■ WHAT IS NEEDED
Write out the entries below exactly, starting at the first line and stopping after the line that contains "ÉTKÉSZLET PORCELÁN 18 RÉSZES APRÓ VIRÁGOS"; skip all pictures.

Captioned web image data
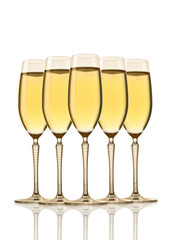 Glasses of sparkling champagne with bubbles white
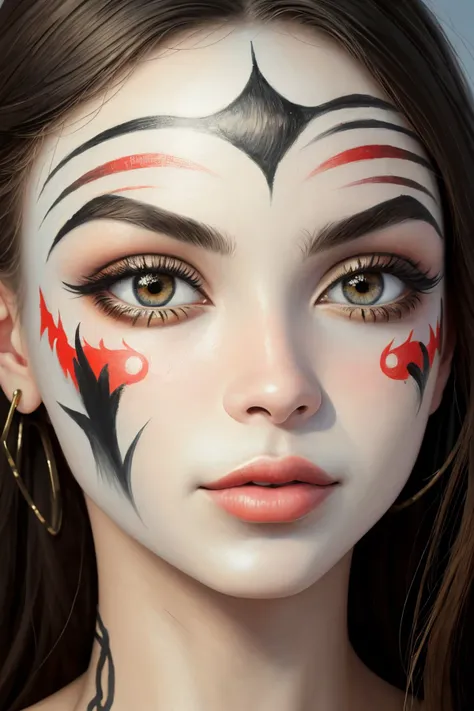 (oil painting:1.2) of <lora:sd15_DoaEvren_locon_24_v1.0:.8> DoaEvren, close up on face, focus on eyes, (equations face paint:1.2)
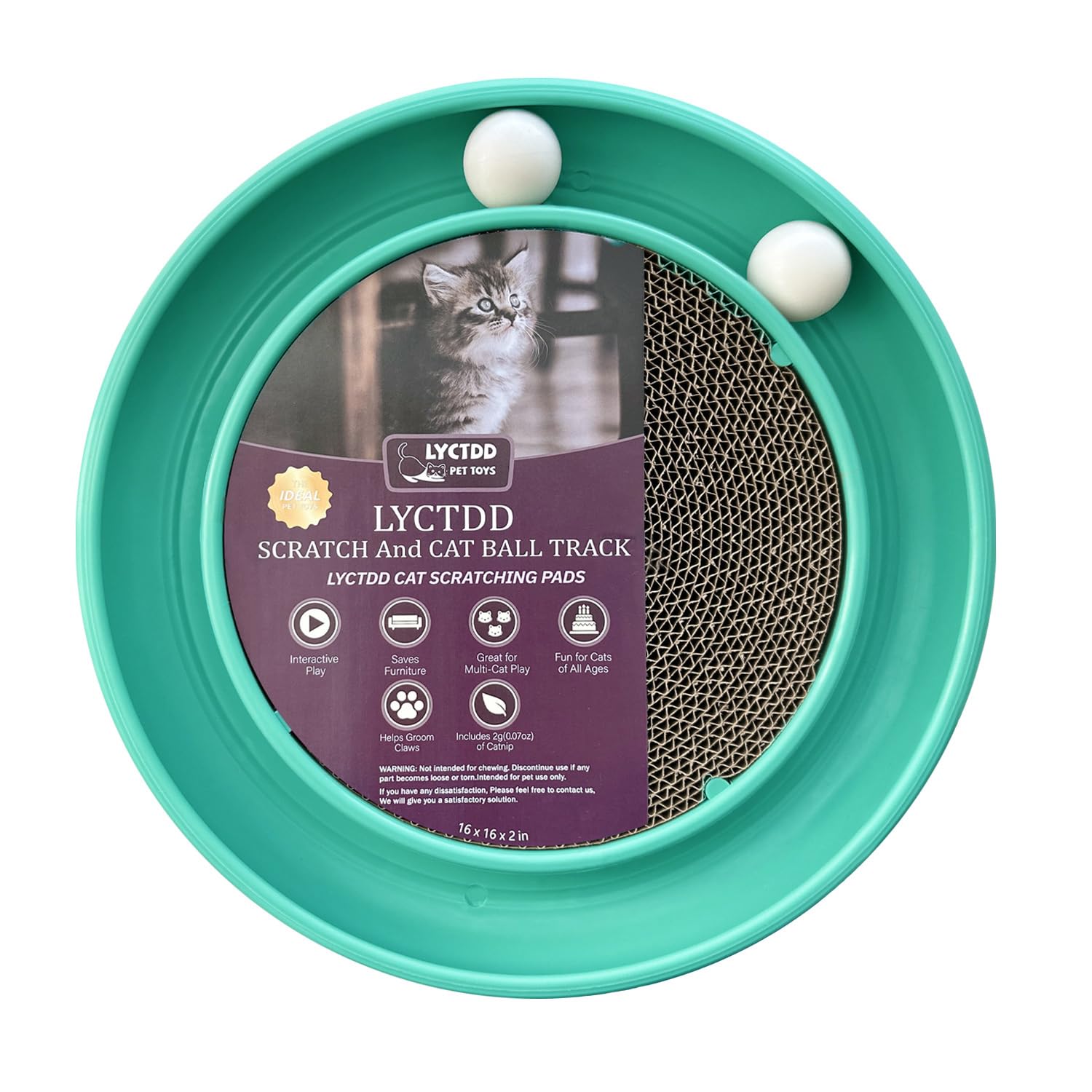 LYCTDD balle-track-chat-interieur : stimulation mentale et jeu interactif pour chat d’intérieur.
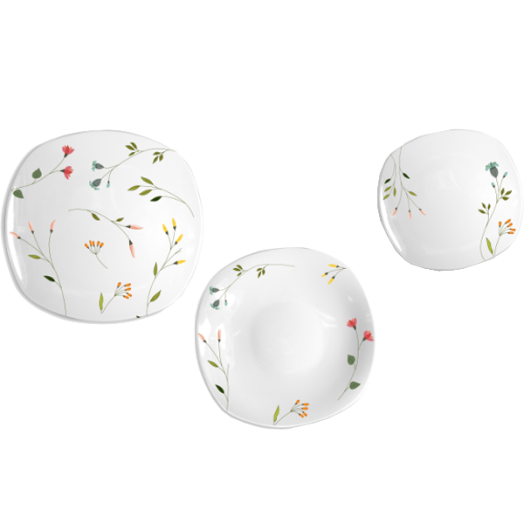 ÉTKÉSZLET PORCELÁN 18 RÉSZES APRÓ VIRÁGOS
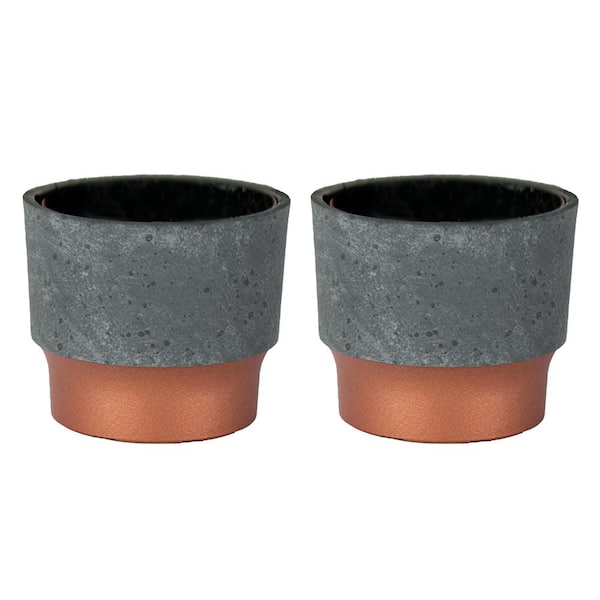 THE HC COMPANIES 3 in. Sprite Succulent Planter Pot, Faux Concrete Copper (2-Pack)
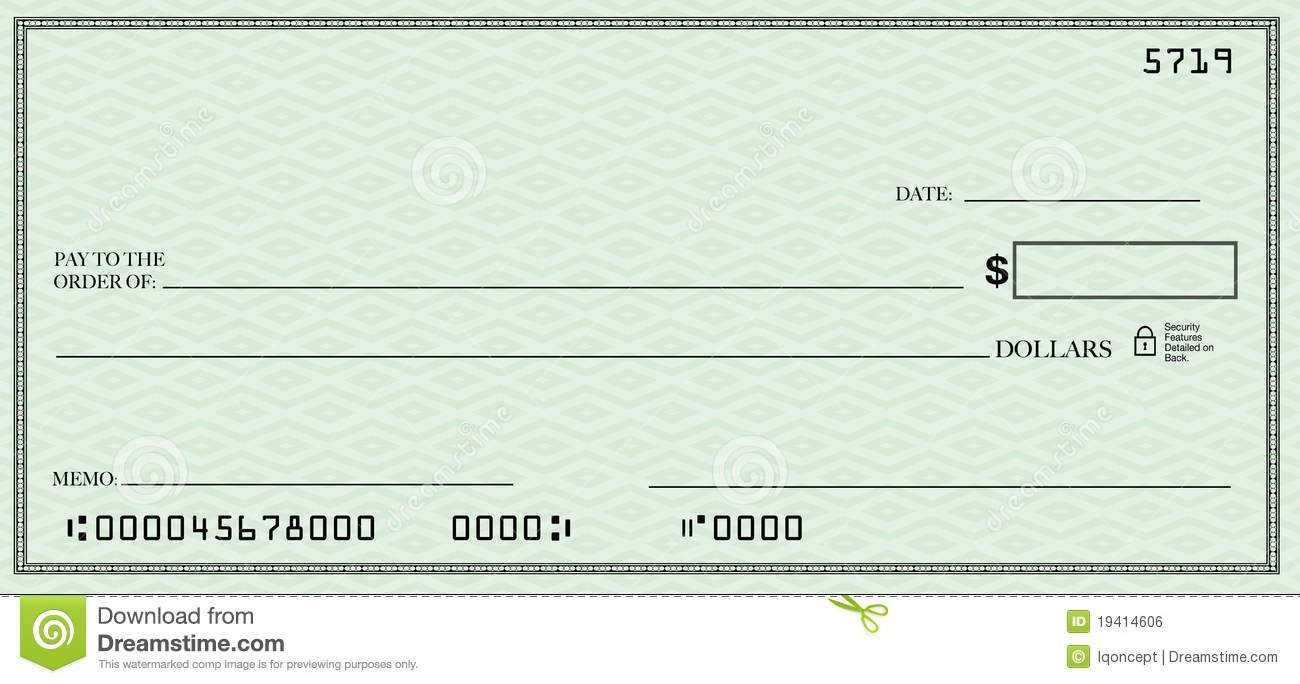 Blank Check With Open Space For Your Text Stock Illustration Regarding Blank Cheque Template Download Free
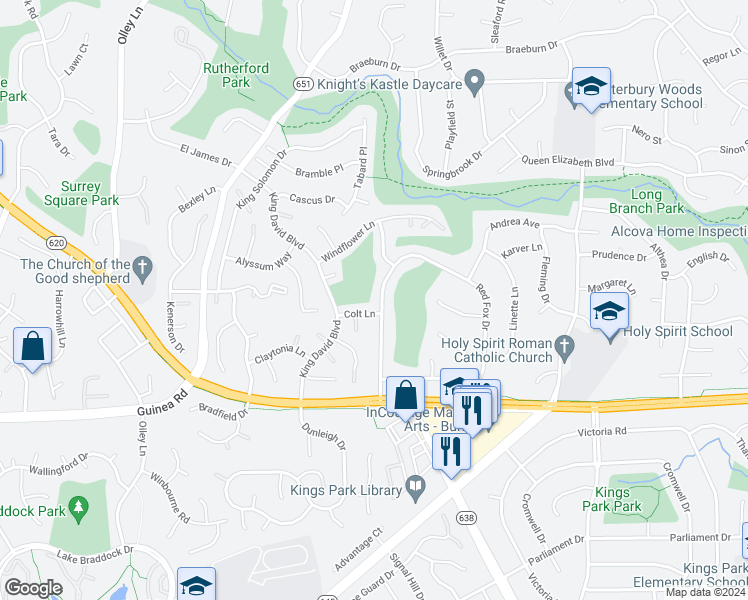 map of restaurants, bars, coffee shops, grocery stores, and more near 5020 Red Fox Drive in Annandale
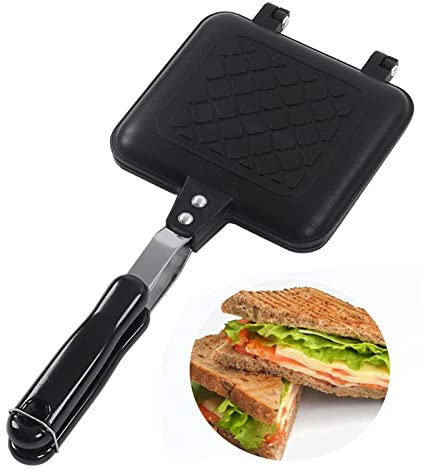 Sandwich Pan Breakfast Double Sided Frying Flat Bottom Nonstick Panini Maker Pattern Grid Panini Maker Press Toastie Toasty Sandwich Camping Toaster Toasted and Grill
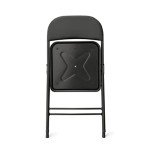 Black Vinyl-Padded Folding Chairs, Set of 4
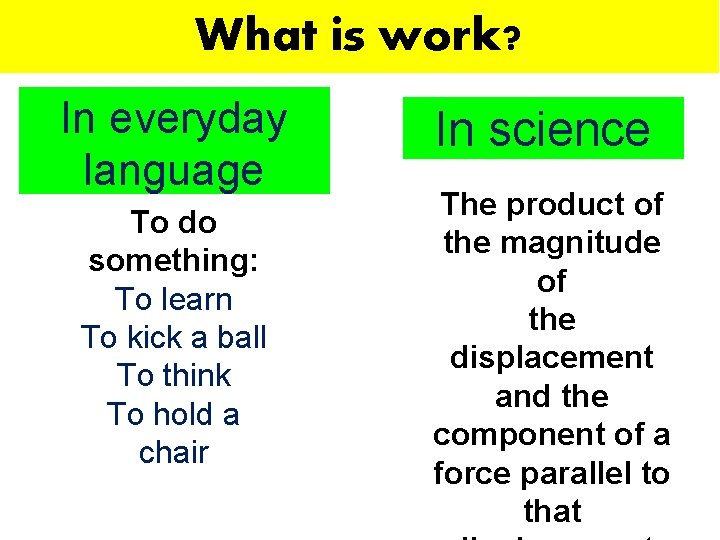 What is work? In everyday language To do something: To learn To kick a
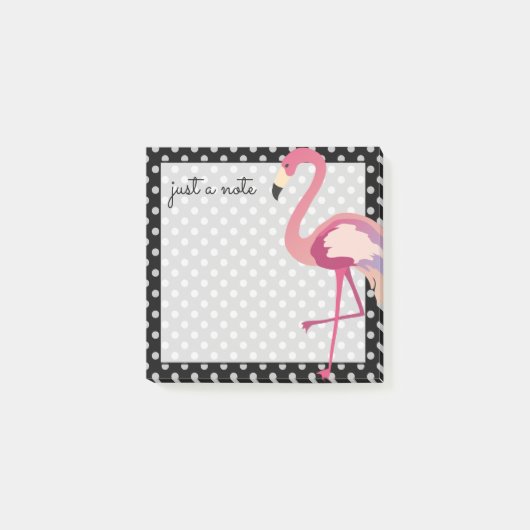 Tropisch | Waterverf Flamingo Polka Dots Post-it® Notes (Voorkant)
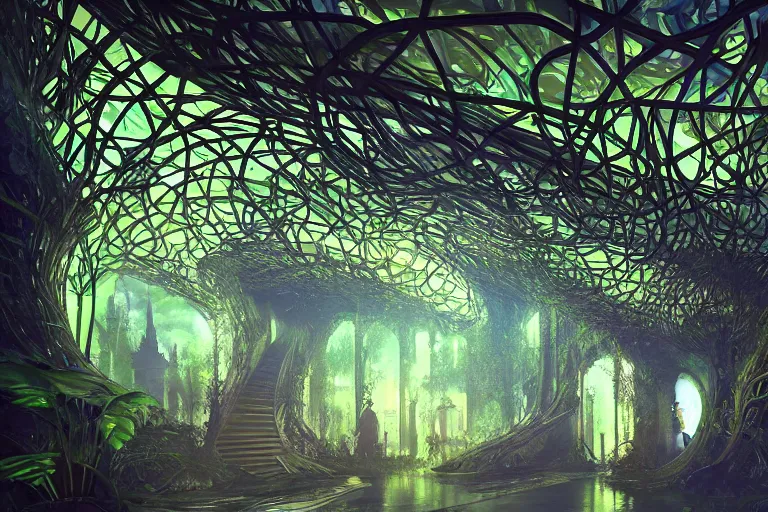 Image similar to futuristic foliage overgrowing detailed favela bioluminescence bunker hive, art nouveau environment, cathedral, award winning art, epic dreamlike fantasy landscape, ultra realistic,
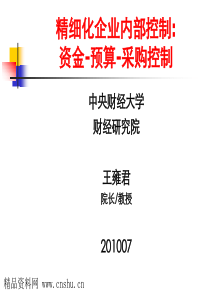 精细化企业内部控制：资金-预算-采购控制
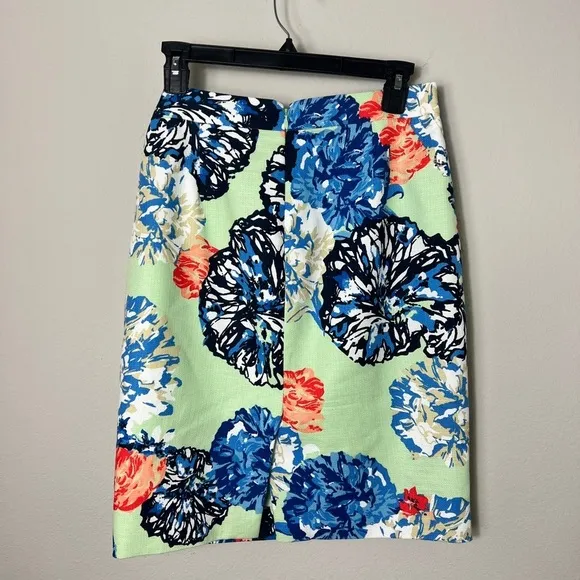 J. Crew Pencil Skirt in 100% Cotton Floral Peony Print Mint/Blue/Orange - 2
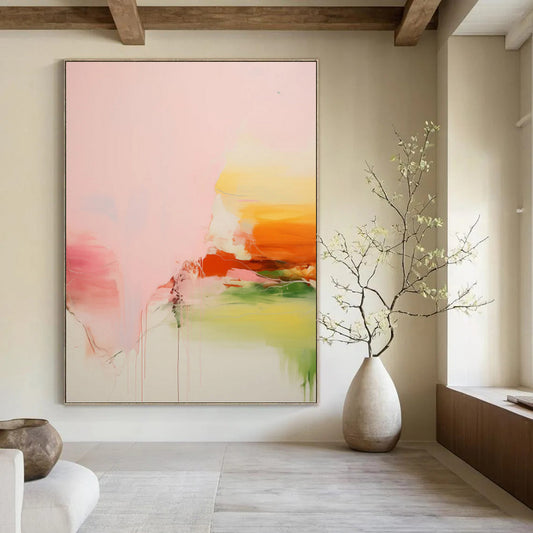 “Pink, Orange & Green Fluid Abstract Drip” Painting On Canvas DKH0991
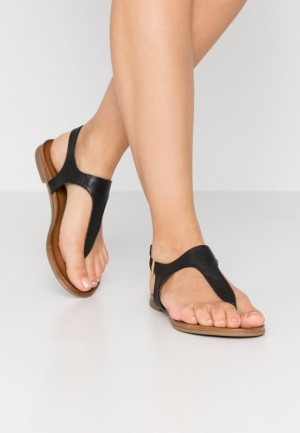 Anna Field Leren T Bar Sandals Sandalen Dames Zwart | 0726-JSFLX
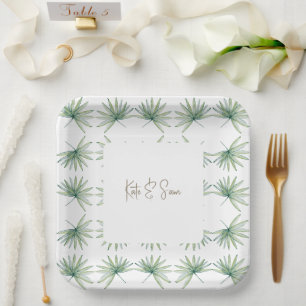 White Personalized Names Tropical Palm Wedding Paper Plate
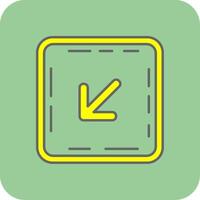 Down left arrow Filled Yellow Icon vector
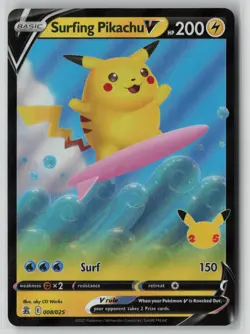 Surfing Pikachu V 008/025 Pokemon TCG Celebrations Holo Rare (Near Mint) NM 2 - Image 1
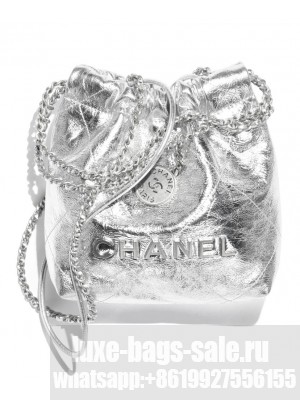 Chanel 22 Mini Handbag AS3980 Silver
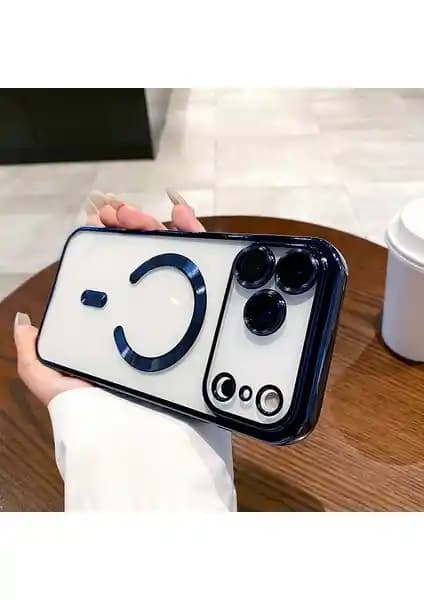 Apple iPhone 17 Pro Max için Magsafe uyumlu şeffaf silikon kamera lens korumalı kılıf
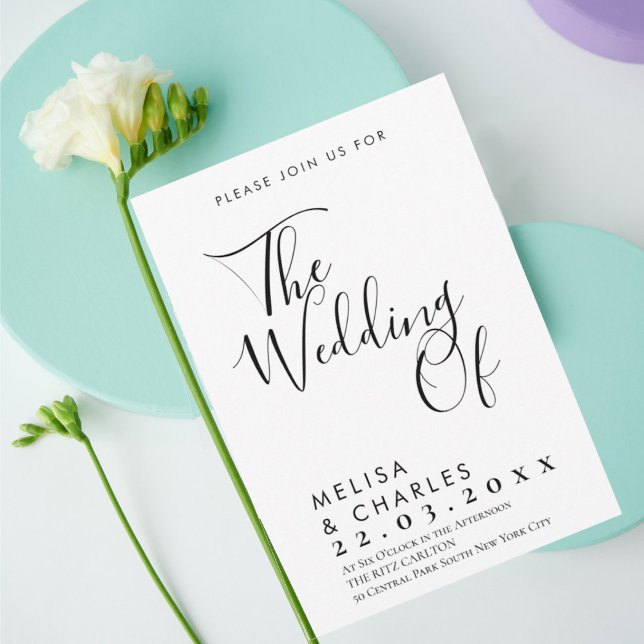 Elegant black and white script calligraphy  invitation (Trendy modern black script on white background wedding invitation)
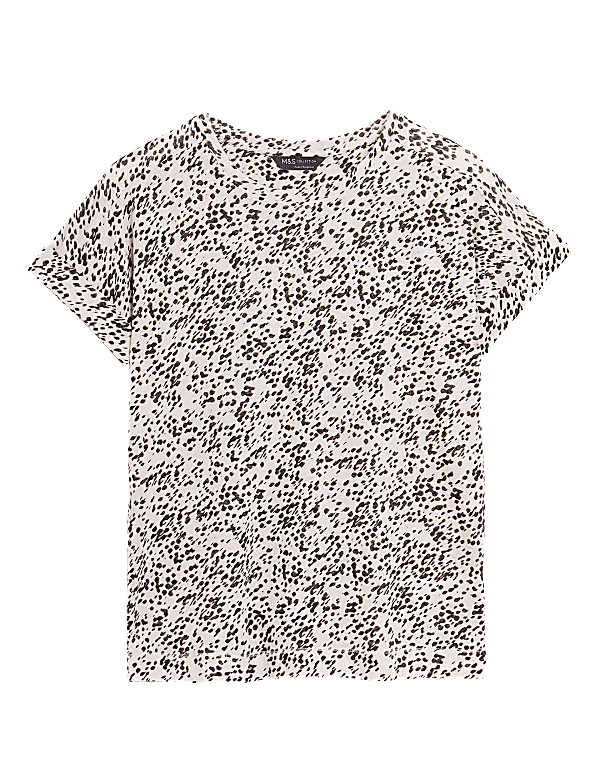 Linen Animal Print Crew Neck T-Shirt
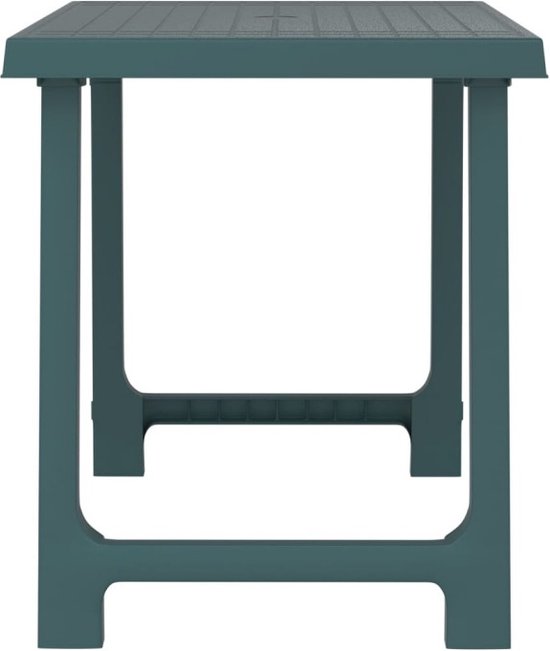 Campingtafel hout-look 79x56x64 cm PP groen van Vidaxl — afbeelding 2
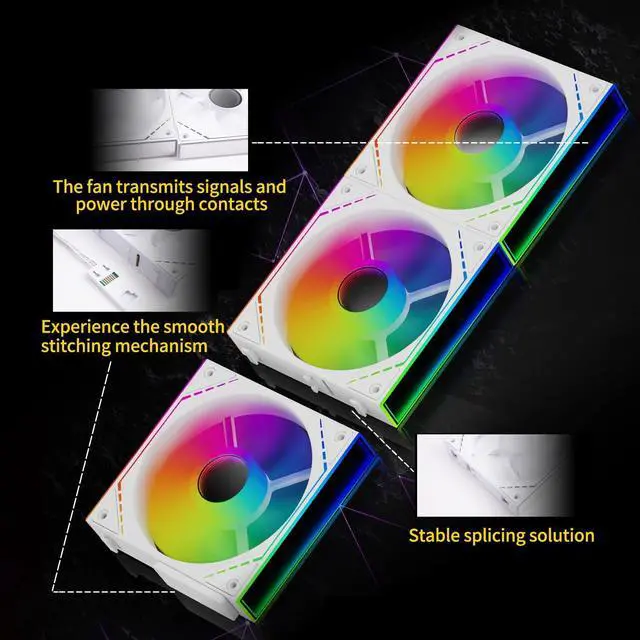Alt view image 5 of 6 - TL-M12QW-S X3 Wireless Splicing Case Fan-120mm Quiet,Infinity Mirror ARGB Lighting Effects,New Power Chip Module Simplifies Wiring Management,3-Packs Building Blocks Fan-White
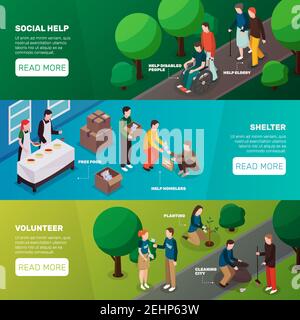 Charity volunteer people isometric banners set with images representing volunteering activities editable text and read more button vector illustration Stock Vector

■ RESPONSE TO THIS EXERCISE
 Glasses of sparkling champagne with bubbles white
 (oil painting:1.2) of <lora:sd15_DoaEvren_locon_24_v1.0:.8> DoaEvren, close up on face, focus on eyes, (equations face paint:1.2)
 LYCTDD balle-track-chat-interieur : stimulation mentale et jeu interactif pour chat d’intérieur.
 ÉTKÉSZLET PORCELÁN 18 RÉSZES APRÓ VIRÁGOS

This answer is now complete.